> **Exercise**:
Up to and including the line with "Flower print. Elegance seamless pattern.", return every line from the start of the entries below exactly.

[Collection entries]
★ ★ ★ ★

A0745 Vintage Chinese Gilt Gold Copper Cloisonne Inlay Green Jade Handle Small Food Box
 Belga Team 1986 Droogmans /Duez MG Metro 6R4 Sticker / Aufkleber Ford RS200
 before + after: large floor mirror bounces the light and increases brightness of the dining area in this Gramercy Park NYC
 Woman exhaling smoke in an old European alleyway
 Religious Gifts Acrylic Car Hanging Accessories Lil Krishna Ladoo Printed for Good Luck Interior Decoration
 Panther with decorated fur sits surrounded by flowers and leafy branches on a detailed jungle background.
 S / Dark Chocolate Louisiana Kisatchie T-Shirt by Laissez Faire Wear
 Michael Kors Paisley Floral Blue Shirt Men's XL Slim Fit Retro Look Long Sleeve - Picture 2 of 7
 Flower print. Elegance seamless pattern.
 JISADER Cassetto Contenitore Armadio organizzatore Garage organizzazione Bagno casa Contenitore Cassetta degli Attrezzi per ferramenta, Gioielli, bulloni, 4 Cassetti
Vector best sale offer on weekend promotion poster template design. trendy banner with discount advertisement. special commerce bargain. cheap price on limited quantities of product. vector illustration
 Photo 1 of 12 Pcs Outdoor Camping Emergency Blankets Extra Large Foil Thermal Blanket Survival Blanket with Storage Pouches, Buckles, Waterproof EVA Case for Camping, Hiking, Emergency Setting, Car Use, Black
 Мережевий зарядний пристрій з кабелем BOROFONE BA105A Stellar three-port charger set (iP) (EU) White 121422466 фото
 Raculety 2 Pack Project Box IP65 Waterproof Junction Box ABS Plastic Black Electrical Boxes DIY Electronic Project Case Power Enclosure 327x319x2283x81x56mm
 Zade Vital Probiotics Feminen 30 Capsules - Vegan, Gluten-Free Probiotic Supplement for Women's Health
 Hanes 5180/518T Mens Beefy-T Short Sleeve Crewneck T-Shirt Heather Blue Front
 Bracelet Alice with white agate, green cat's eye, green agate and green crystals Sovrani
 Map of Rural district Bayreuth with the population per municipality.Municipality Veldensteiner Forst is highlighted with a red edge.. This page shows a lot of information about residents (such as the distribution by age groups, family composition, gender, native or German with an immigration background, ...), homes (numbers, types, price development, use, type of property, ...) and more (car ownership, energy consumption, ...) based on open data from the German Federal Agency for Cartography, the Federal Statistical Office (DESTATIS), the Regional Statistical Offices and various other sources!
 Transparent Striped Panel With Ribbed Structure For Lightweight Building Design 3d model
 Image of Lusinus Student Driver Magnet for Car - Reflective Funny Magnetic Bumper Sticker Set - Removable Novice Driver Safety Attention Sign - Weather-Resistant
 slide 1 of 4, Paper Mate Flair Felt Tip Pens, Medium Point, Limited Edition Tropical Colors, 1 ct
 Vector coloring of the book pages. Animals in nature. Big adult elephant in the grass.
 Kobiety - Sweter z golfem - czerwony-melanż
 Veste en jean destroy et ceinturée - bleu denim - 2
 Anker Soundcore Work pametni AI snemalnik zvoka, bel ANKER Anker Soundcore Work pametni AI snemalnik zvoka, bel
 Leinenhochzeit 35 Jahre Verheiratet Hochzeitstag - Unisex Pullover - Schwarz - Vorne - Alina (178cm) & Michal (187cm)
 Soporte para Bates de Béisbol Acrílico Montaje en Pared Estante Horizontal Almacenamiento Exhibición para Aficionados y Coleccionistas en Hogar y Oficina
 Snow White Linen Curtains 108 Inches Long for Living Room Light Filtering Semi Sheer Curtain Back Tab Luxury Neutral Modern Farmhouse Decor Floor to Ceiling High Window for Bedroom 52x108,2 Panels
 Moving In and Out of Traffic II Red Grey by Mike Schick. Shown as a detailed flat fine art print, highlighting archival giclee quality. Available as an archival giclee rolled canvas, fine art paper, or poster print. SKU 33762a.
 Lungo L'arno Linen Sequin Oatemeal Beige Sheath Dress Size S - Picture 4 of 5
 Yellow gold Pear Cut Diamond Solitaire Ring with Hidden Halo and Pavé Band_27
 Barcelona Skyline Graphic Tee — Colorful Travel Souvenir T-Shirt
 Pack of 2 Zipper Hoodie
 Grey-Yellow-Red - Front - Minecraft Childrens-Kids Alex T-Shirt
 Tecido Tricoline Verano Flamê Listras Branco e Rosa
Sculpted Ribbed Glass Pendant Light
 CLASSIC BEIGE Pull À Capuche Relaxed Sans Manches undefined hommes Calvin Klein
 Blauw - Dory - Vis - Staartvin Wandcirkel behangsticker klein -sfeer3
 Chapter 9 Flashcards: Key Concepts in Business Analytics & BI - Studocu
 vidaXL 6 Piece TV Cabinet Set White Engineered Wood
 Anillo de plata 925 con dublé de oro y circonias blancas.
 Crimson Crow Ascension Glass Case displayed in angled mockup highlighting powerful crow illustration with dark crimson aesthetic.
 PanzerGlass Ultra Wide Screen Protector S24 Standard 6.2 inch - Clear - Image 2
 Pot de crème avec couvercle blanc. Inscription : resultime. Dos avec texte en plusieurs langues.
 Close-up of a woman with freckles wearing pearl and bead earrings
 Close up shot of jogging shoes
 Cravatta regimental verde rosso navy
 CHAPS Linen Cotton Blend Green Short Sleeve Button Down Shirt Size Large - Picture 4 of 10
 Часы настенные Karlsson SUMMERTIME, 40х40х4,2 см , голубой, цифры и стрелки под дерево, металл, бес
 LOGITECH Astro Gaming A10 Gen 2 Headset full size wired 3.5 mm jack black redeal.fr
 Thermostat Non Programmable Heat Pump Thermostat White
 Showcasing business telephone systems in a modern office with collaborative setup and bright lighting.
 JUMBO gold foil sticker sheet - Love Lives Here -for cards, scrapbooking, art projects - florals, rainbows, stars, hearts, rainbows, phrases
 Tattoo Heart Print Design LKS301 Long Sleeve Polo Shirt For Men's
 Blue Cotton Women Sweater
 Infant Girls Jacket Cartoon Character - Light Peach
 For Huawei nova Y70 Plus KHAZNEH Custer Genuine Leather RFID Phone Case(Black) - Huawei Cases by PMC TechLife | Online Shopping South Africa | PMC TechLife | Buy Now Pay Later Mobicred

★ ★ ★ ★

> **Solution for this task**:
A0745 Vintage Chinese Gilt Gold Copper Cloisonne Inlay Green Jade Handle Small Food Box
 Belga Team 1986 Droogmans /Duez MG Metro 6R4 Sticker / Aufkleber Ford RS200
 before + after: large floor mirror bounces the light and increases brightness of the dining area in this Gramercy Park NYC
 Woman exhaling smoke in an old European alleyway
 Religious Gifts Acrylic Car Hanging Accessories Lil Krishna Ladoo Printed for Good Luck Interior Decoration
 Panther with decorated fur sits surrounded by flowers and leafy branches on a detailed jungle background.
 S / Dark Chocolate Louisiana Kisatchie T-Shirt by Laissez Faire Wear
 Michael Kors Paisley Floral Blue Shirt Men's XL Slim Fit Retro Look Long Sleeve - Picture 2 of 7
 Flower print. Elegance seamless pattern.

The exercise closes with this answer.